RECORDS SUPPLIED:
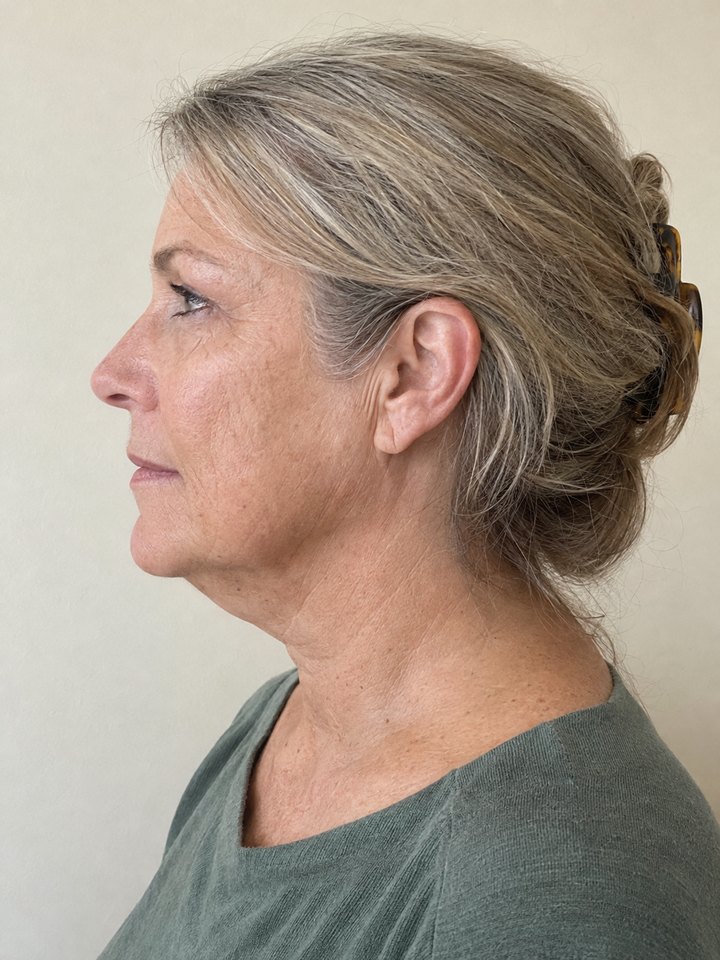 Left profile
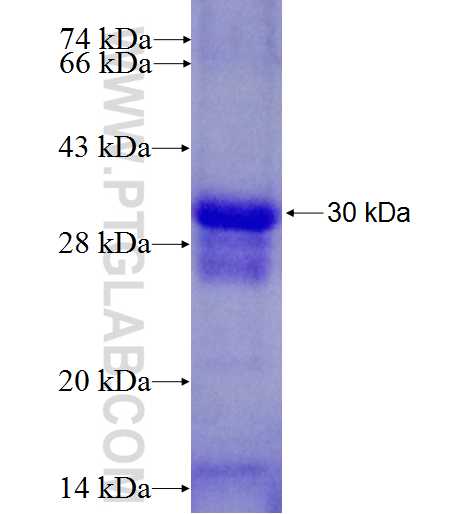 ZBTB24 fusion protein Ag24458 SDS-PAGE ZBTB24 fusion protein Ag24458 SDS-PAGE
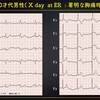 ECG-294：80才代男性。突然の胸部不快発作です。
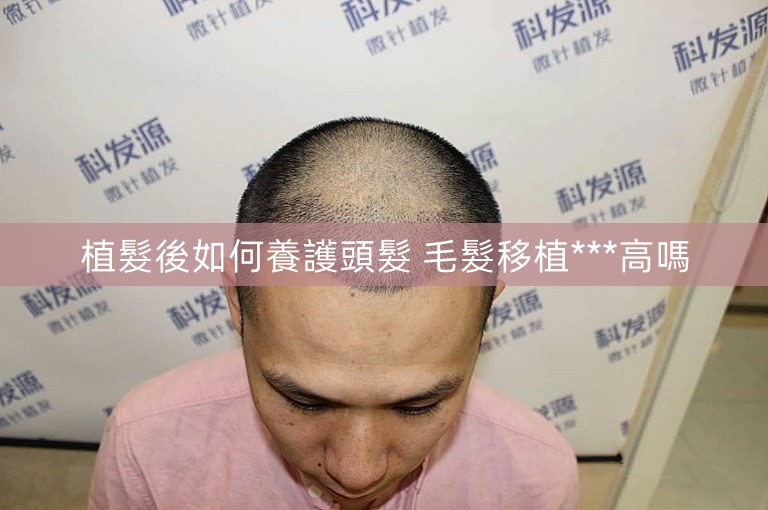 植髮後如何養護頭髮 毛髮移植***高嗎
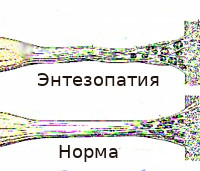 Enthesopathie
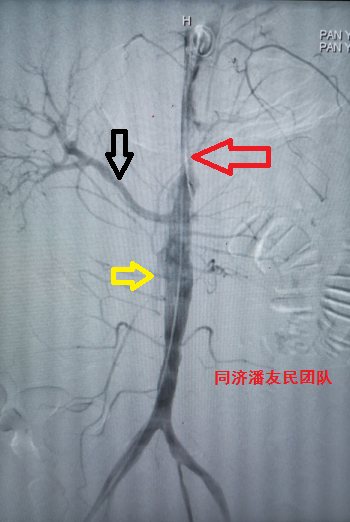 图5 腹主动脉造影,腹主动脉真腔狭窄,右肾动脉显影(黑箭头所示),左肾
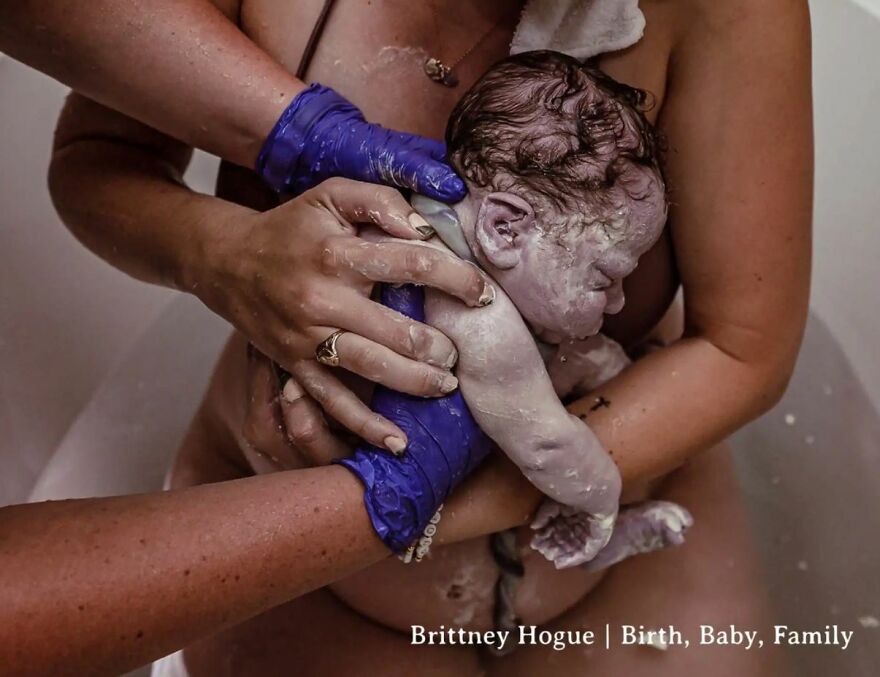 Best In Birth Details: “Nuchal" By Brittney Hogue, United States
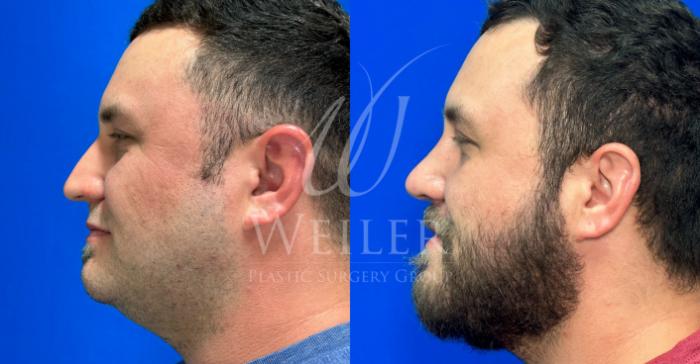 Before & After Rhinoplasty Case 1116 Right Side View in Baton Rouge, New Orleans, & Lafayette, Louisiana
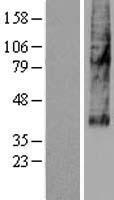 SLC46A3 Protein - Western validation with an anti-DDK antibody * L: Control HEK293 lysate R: Over-expression lysate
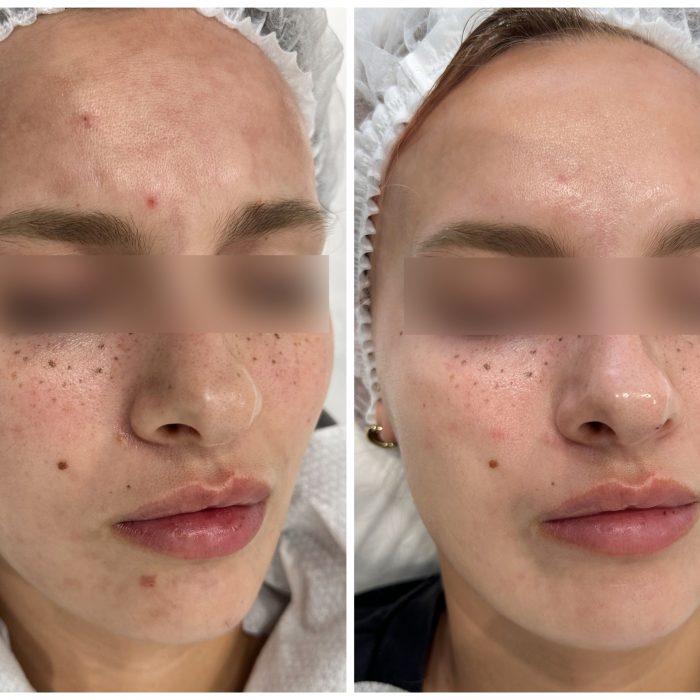 Комплексная коррекция пигментации (Только лоб)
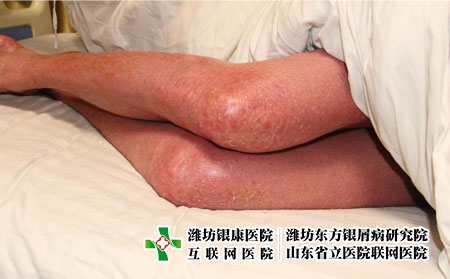 銀屑病從尋常型轉變紅皮病型的因素，為什么會得紅皮型牛皮癬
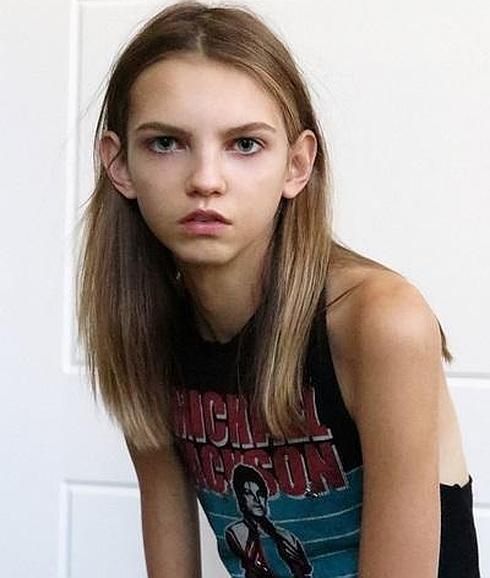 Molly Bair, 'la niña rata' que ahora triunfa en las pasarelas | Ideal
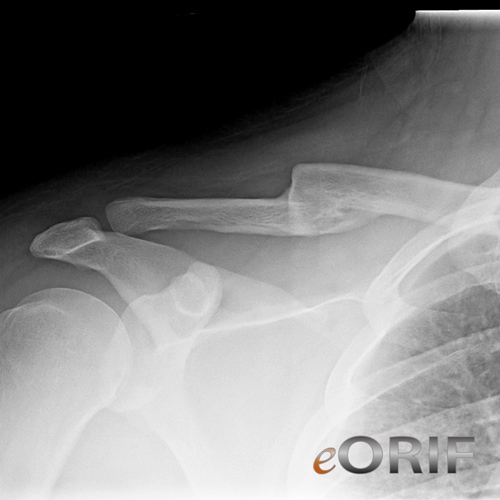 clavicle fracture malunion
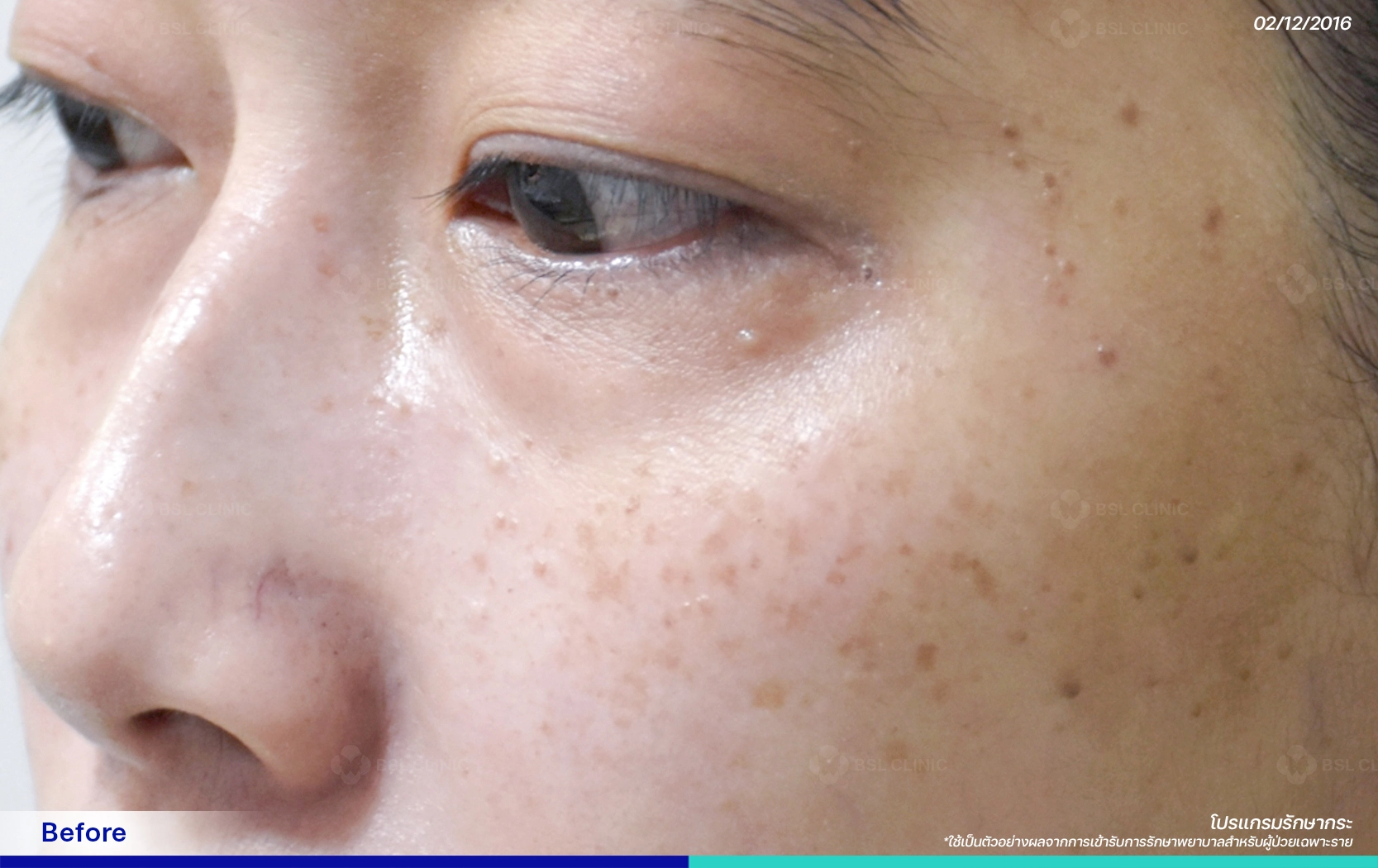 รีวิวเลเซอร์กระ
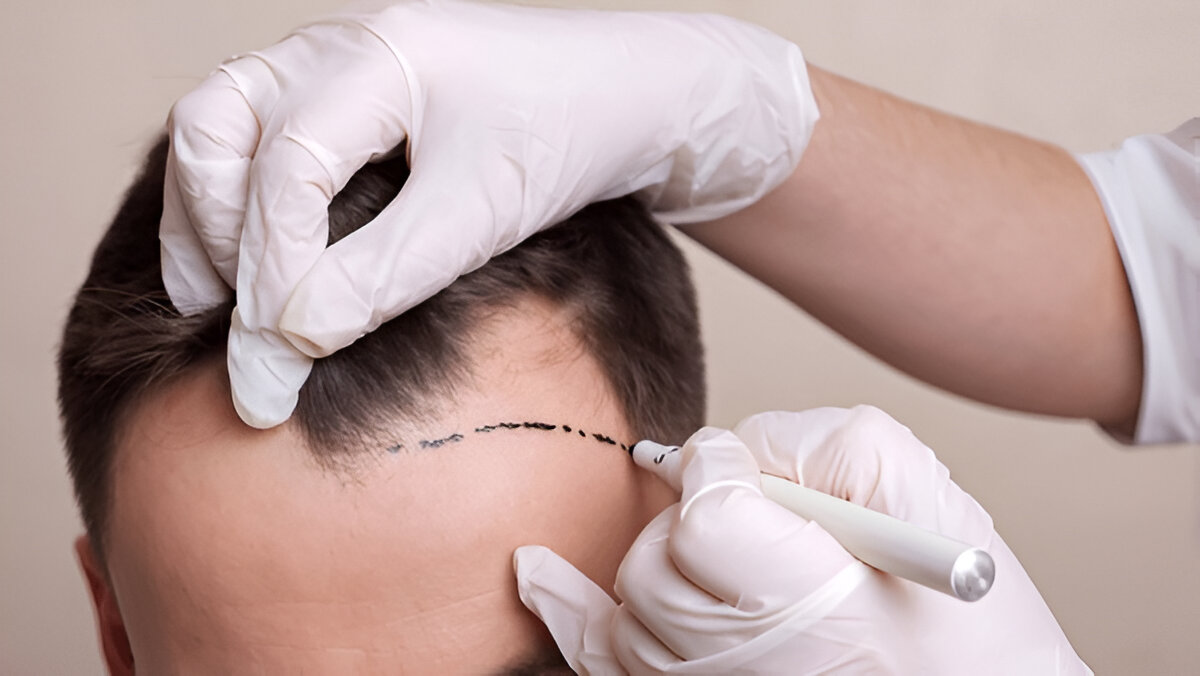 hair Transplant London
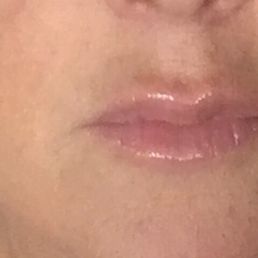 Love the results Love the results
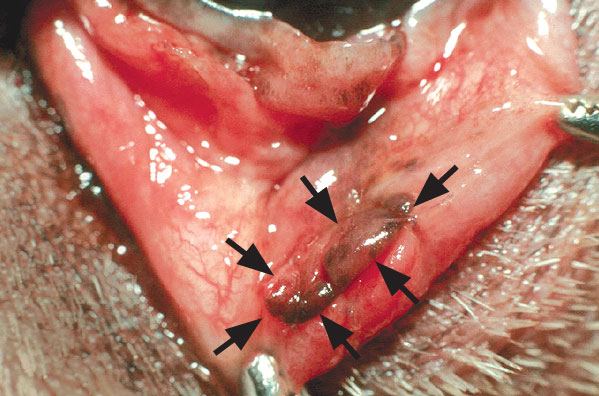 The opening of the parotid duct (arrowed) has been stitched into the pocket below the eye using very fine sutures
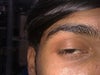 right eye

WHAT THE TASK REQUIRES:
Give back exactly the lines from the first line of the data through the line with "clavicle fracture malunion", pictures excluded.

RESPONSE TO THE TASK:
 Left profile
 ZBTB24 fusion protein Ag24458 SDS-PAGE ZBTB24 fusion protein Ag24458 SDS-PAGE
 ECG-294：80才代男性。突然の胸部不快発作です。
 植髮後如何養護頭髮 毛髮移植***高嗎
 Enthesopathie
 图5 腹主动脉造影,腹主动脉真腔狭窄,右肾动脉显影(黑箭头所示),左肾
 Best In Birth Details: “Nuchal" By Brittney Hogue, United States
 Before & After Rhinoplasty Case 1116 Right Side View in Baton Rouge, New Orleans, & Lafayette, Louisiana
 SLC46A3 Protein - Western validation with an anti-DDK antibody * L: Control HEK293 lysate R: Over-expression lysate
 Комплексная коррекция пигментации (Только лоб)
 銀屑病從尋常型轉變紅皮病型的因素，為什么會得紅皮型牛皮癬
 Molly Bair, 'la niña rata' que ahora triunfa en las pasarelas | Ideal
 clavicle fracture malunion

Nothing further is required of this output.